EIV - Proposition 50
EIII - Proposition 27 - corollaire 3 ; EIII - Définitions des affects - 18.
EIV - Proposition 27 ; EIV - Proposition 37 ; EIV - Proposition 41.
La Commisération est en elle-même mauvaise et inutile, dans un homme qui vit sous la conduite de la Raison.
DÉMONSTRATION
La Commisération en effet (Déf. 18 des Aff.) est une Tristesse ; par suite, elle est mauvaise par elle-même. Pour le bien qui en suit, à savoir que nous nous efforçons de délivrer de sa misère celui pour qui nous avons de la commisération (Coroll. 3 de la Prop. 27, p. III), nous désirons le faire par le seul commandement de la Raison (Prop. 37) ; et nous ne pouvons faire que par le seul commandement de la Raison quelque chose que nous sachions avec certitude être bon (Prop. 27) ; la Commisération est donc mauvaise en elle-même et inutile, dans un homme qui vit sous la conduite de la Raison.
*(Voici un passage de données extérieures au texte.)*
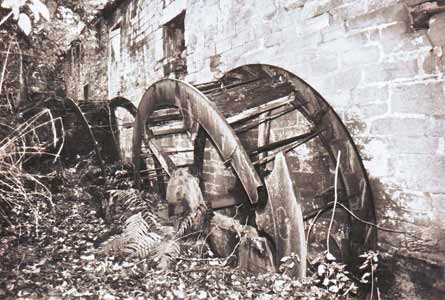 The second wheel in 1981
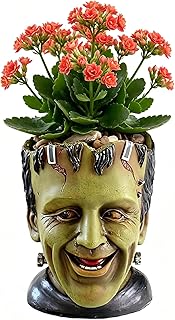 Funny Planters Head Planter for Indoor Plants, Succulent Pot with Drainage Hole Fairy Garden Resin Cactus Pencil Holder Desk Storage Gift for Women Men Plant Pot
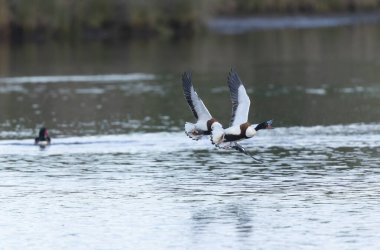 Fransa, Brittany 'de bir bataklıkta sıradan bir kabuklu ördek.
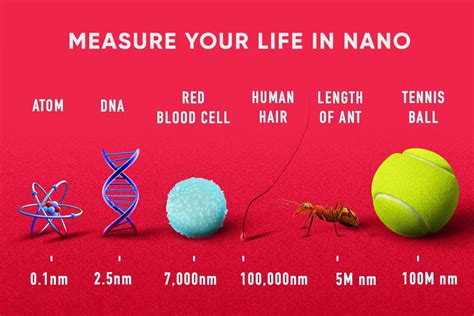 Nanotechnology; Tiny Science. Nanotechnology is measured in… | by ...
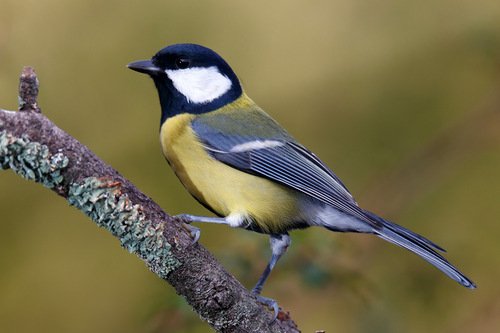 Mésange charbonnière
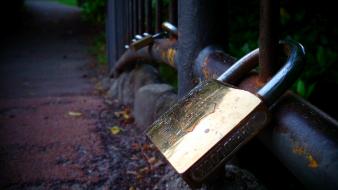 Bridges pair padlock wallpaper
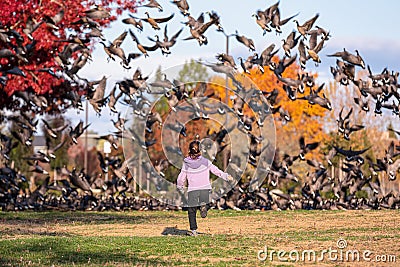 Little girl in a pick jacket and black jeans chasing geese sitting on a lawn in a park Stock Photo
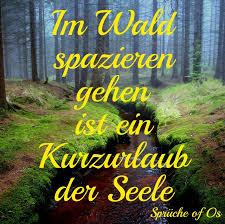 Sprüche Of Os Seelenmomente Facebook
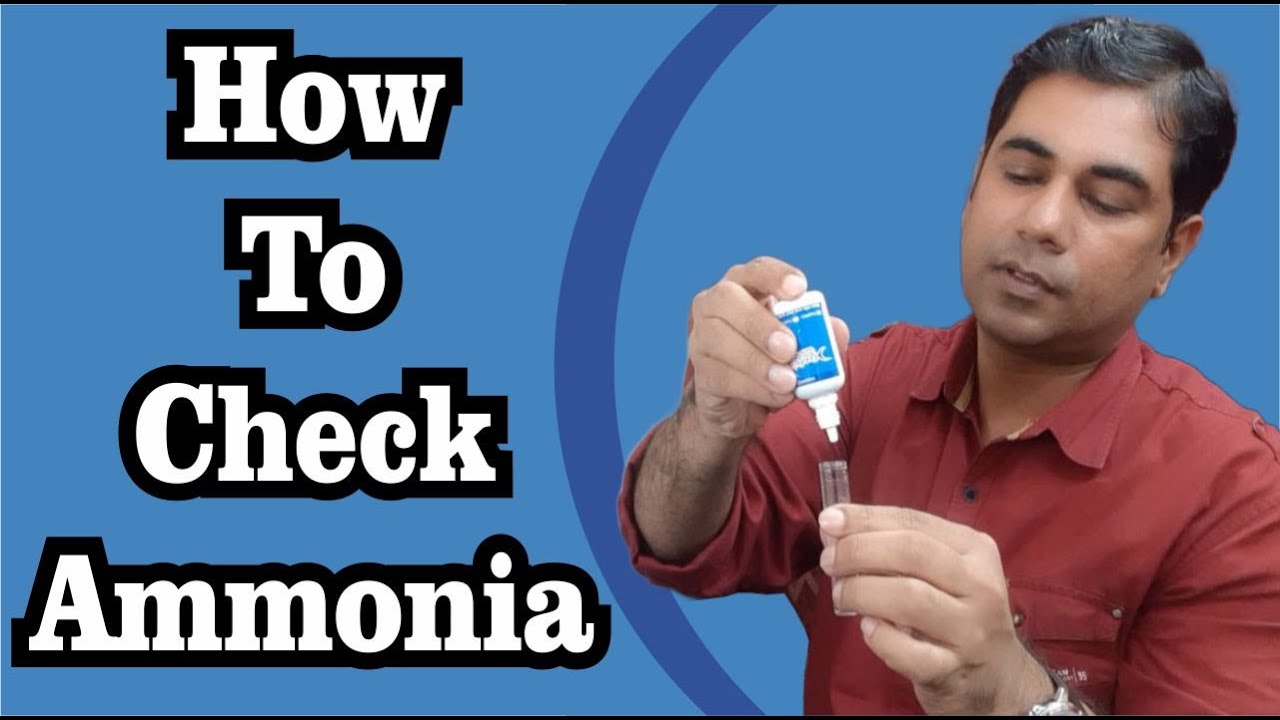 How To Check Ammonia - FeedWale Master Test Kit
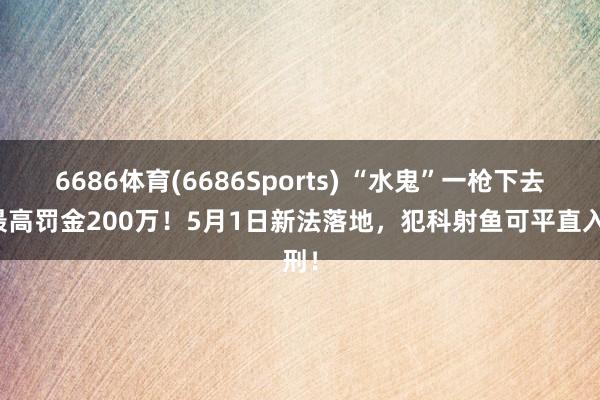 6686体育(6686Sports) “水鬼”一枪下去，最高罚金200万！5月1日新法落地，犯科射鱼可平直入刑！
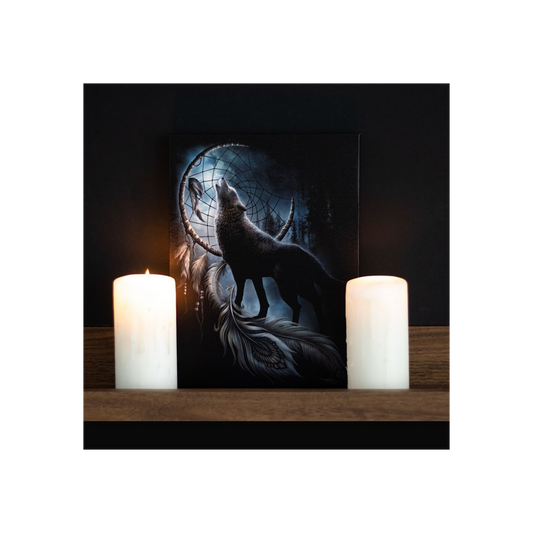 19x25cm From Darkness Canvas Plaque by Spiral Direct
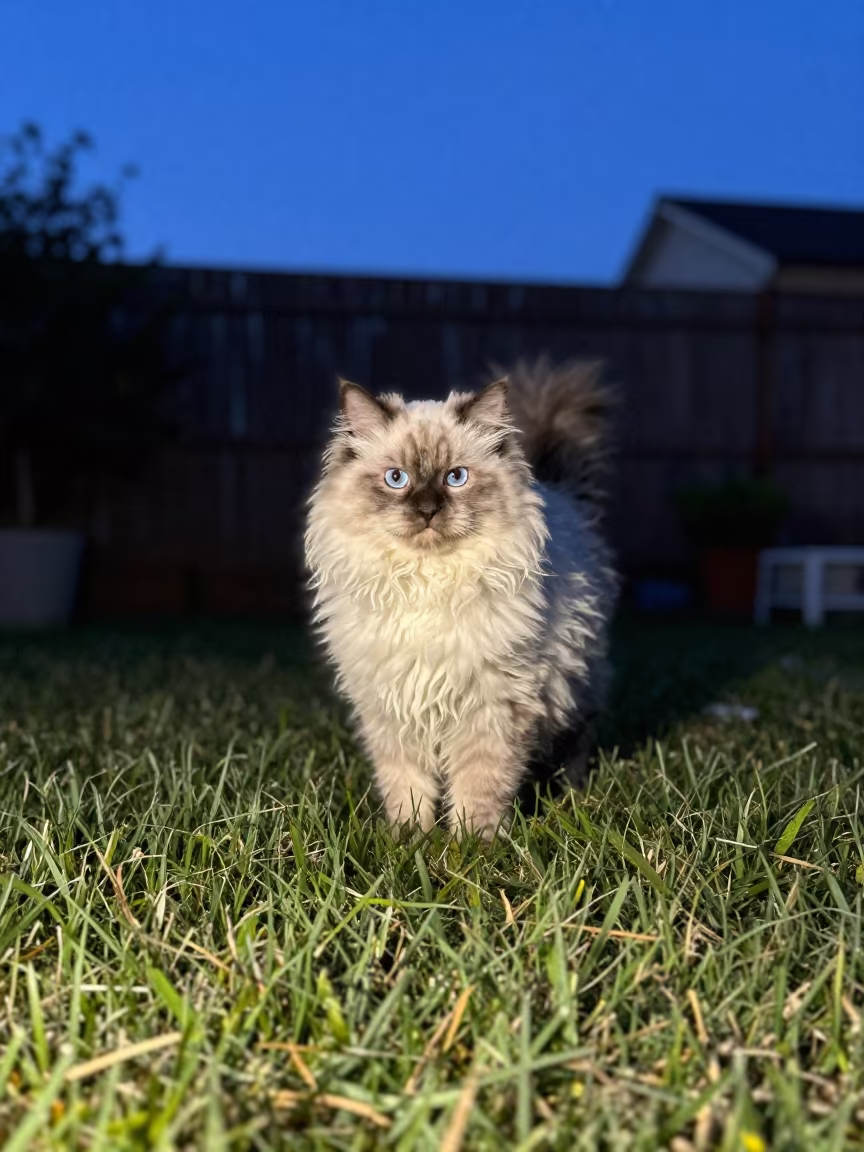 LaPerm Cat in Winter Garden Starlight in in a small yard with clipped grass, calm light, and the animal centered in frame in Parma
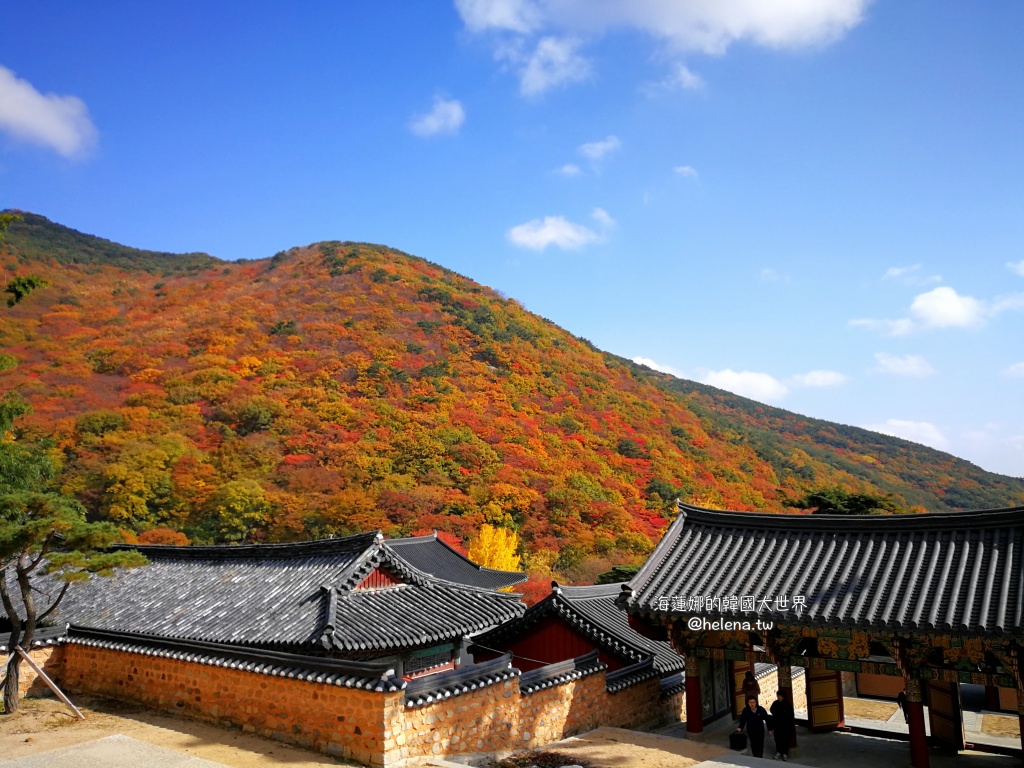 一日遊包車,慶州,慶州旅行,慶州旅遊,慶州自由行,慶州遊／宿,楓葉,機場接送,浦項,浦項旅行,浦項旅遊,浦項自由行,浦項遊／宿,賞櫻,釜山,釜山旅行,釜山旅遊,釜山自由行,釜山遊／宿,銀杏,韓國,韓國旅行,韓國旅遊,韓國自由行 @Helena's Blog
C.Q.F.D. [*]
Commiseratio in homine qui ex ductu rationis vivit, per se mala et inutilis est.
DEMONSTRATIO :
Commiseratio enim (per 18 affectuum definitionem) tristitia est ac proinde (per propositionem 41 hujus) per se mala ; bonum autem quod ex ea sequitur, quod scilicet hominem cujus nos miseret, a miseria liberare conamur (per corollarium III propositionis 27 partis III) ex solo rationis dictamine facere cupimus (per propositionem 37 hujus) nec nisi ex solo rationis dictamine aliquid quod certo scimus bonum esse, agere possumus (per propositionem 27 hujus) atque adeo commiseratio in homine qui ex ductu rationis vivit, per se mala est et inutilis. Q.E.D.
[*] (Saisset :) La pitié est, de soi, mauvaise et inutile dans une âme qui vit selon la raison. Démonstration En effet, la pitié est une sorte de tristesse (par la Déf. 18 des pass.), et partant elle est, de soi, mauvaise (par la Propos. 41). Quant au bien qui en résulte, je veux dire celui que nous faisons en nous efforçant de délivrer de sa misère l’objet de notre pitié (par le Coroll. 3 de la propos. 27, part. 3), la raison seule nous porte à désirer de l’accomplir (par la Propos. 37), et ce n’est même que par la raison (par la propos. 27) que nous pouvons faire le bien, en sachant certainement que nous faisons le bien ; d’où il suit que la pitié est, de soi, mauvaise et inutile dans une âme qui vit selon la raison.